Duplicated examples over sessions in NER manual

Hello, I'm using prodigy 1.11.7, and I'm having problems with duplicate examples over sessions (not within sessions) in the ner-manual recipe. I thought that setting "feed_overlap": False would fix the issue but that didn't work.

I've read this: Duplicate annotations in output - #46 by brdlyrbrts but I'm still not sure what to do.

We have a batch size of 50, and the team regularly saves their work every 50 examples approx. Each one of them enters prodigy with ?session=session_name

Could anyone help?
Thank you!

My colleague suggests that this might be a bug here but that it could be caused by labelling very quickly. Can you confirm that's not the case for you?

He also mentioned here that folks could try installing the new alpha version to try out a fix. Have you tried that?

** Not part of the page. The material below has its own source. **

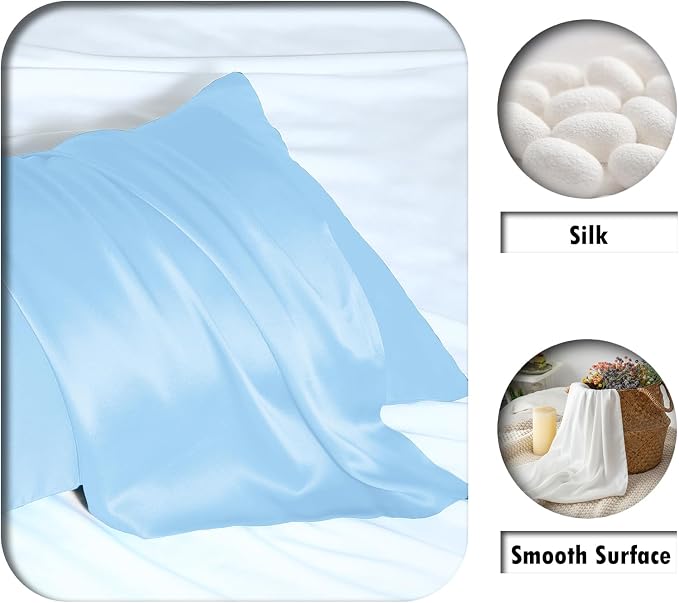 Silk Pillow Cases 2 Pack, Soft Breathable and Sliky Standard Size Pillow Cases - Image 2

pip install prodigy==1.11.8a2 --extra-index-url https://{YOUR_LICENSE_KEY}@download.prodi.gy
1 Like

@koaning , I don't think this is our problem

I tried installing that version and starting prodigy with:

prodigy_config = {
    "host": "0.0.0.0",
    "show_stats": True,
    "highlight_chars": True,
    "buttons": ["accept", "ignore", "undo"],
    "auto_count_stream": True,
    "feed_overlap": False,
    "batch_size": 50,
    "force_stream_order": True,
}

but I still see the same problem. Same example is being fed to all sessions, which is slowing us down badly.

This option (which is mentioned in the thread) didn't allow prodigy to start correctly:

"experimental_feed": true

Thank you for your help

Hi @raulsperoni if you're seeing this issue in Prodigy v1.11.7 I'd recommend lowering your batch size to 10. Is there a significant reason why it's set to 50? If you're just loading examples from a file like the examples 10 should work fine.

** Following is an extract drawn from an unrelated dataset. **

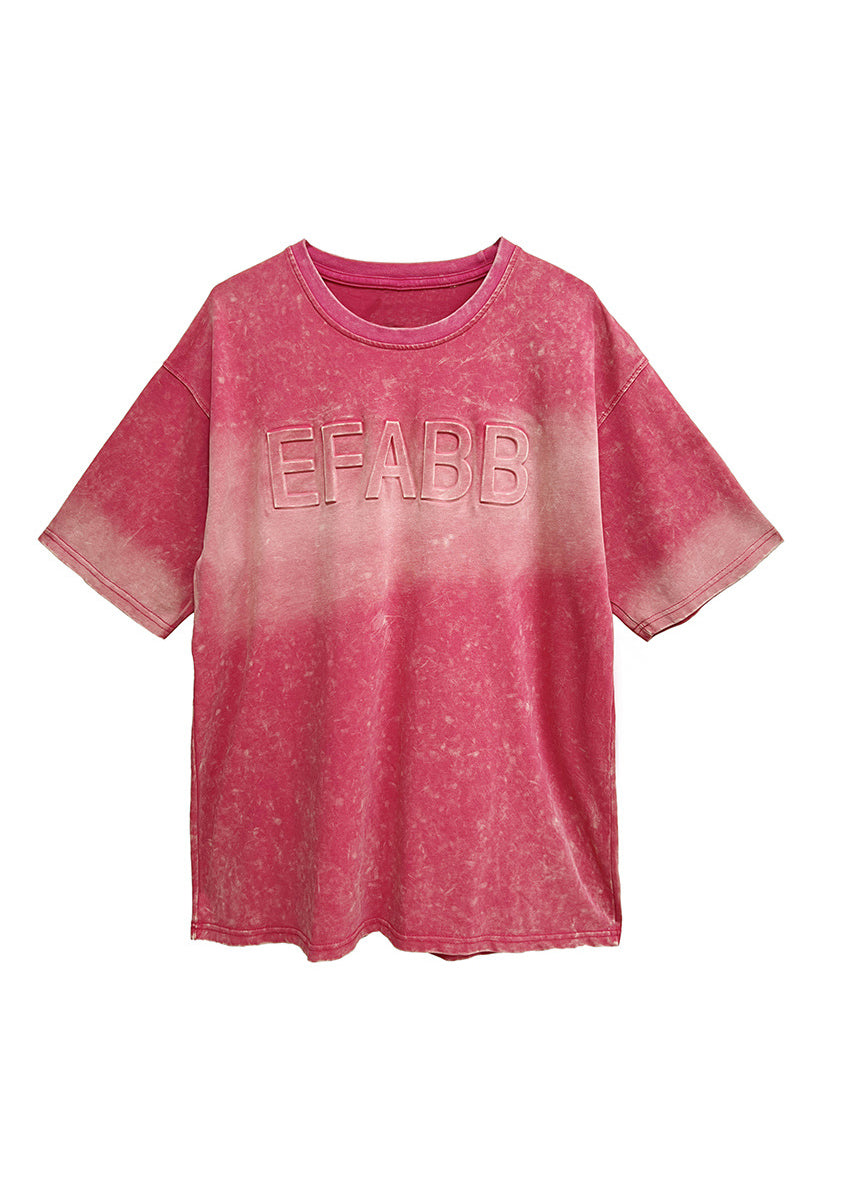 Stylish Black Tie Dye O Neck Print Cotton Top Summer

Are you able to share any more info on what error you're seeing when starting the alpha version with "experimental_feed": true? Please share in this thread to keep issues contained there: Duplicated examples over sessions in NER manual

Hello @kab thanks for anwering. The reason is that I'm loading examples from the database and saving the results there too. Lower than 50 seemed too expensive. Do you think this is the reason for this bug? We've worked with the same strategy in classification problems and this does not happen at all, while in NER it happens consistently. Given enough time, every session tags the same example.

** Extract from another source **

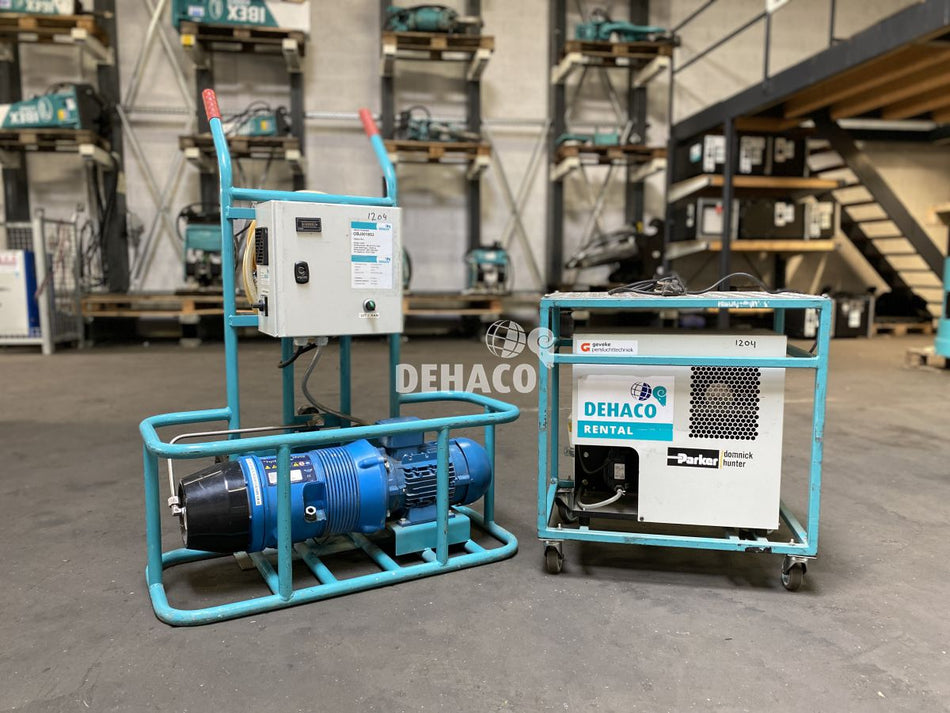 Gebrauchter Compair Hydrovane HV02 zweiteiliger Kompressor mit Drucklufttrockner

I will get back to you with details.

Thanks.

Here's the output:

ner  | Added dataset test_1 to database SQLite.
ner  | Traceback (most recent call last):
ner  |   File "/usr/local/lib/python3.8/runpy.py", line 194, in _run_module_as_main
ner  |     return _run_code(code, main_globals, None,
ner  |   File "/usr/local/lib/python3.8/runpy.py", line 87, in _run_code
ner  |     exec(code, run_globals)
ner  |   File "/app/ner_recipe.py", line 147, in <module>
ner  |     prodigy.serve(
ner  |   File "/usr/local/lib/python3.8/site-packages/prodigy/__init__.py", line 49, in serve
ner  |     controller = loaded_recipe(*recipe_args, config=config)
ner  |   File "cython_src/prodigy/core.pyx", line 432, in prodigy.core.recipe.recipe_decorator.recipe_proxy
ner  |   File "cython_src/prodigy/core.pyx", line 78, in prodigy.core.Controller.from_components
ner  |   File "cython_src/prodigy/core.pyx", line 181, in prodigy.core.Controller.__init__
ner  |   File "cython_src/prodigy/components/feed_v2.pyx", line 139, in prodigy.components.feed_v2.Feed.__init__
ner  | TypeError: add_dataset() got an unexpected keyword argument 'feed'

Hello, @kab @koaning,

I can confirm that this problem is not limited to NER as I thought. I'm also seeing this behaviour in single choice classification task. As I mentioned this is becoming quite a performance problem for us. Have you seen this before? What other things can we try to solve it?

Here's the config for classification:

prodigy_config = {
    "host": "0.0.0.0",
    "choice_style": "single",
    "choice_auto_accept": True,
    "show_stats": True,
    "feed_overlap": False,
    "buttons": ["accept", "ignore", "undo"],
    "auto_count_stream": True,
    "batch_size": 50,
}

thank you!

What database are you using for the alpha version with "experimental_feed": true? I just tried a clean install of version 1.11.8a2 and didn't run into any issues. Do you have a full prodigy.json file you can share?

For 1.11.7 (or 1.11.8a2 with "experimental_feed": false since it'll run the same code) we don't have a concrete fix for the duplicate examples issue. My only recommendation would be decreasing the batch_size. We're planning to fix forward and move users to the new Feed and Database implementations as soon as possible.

Thanks for your patience on this issue.

1 Like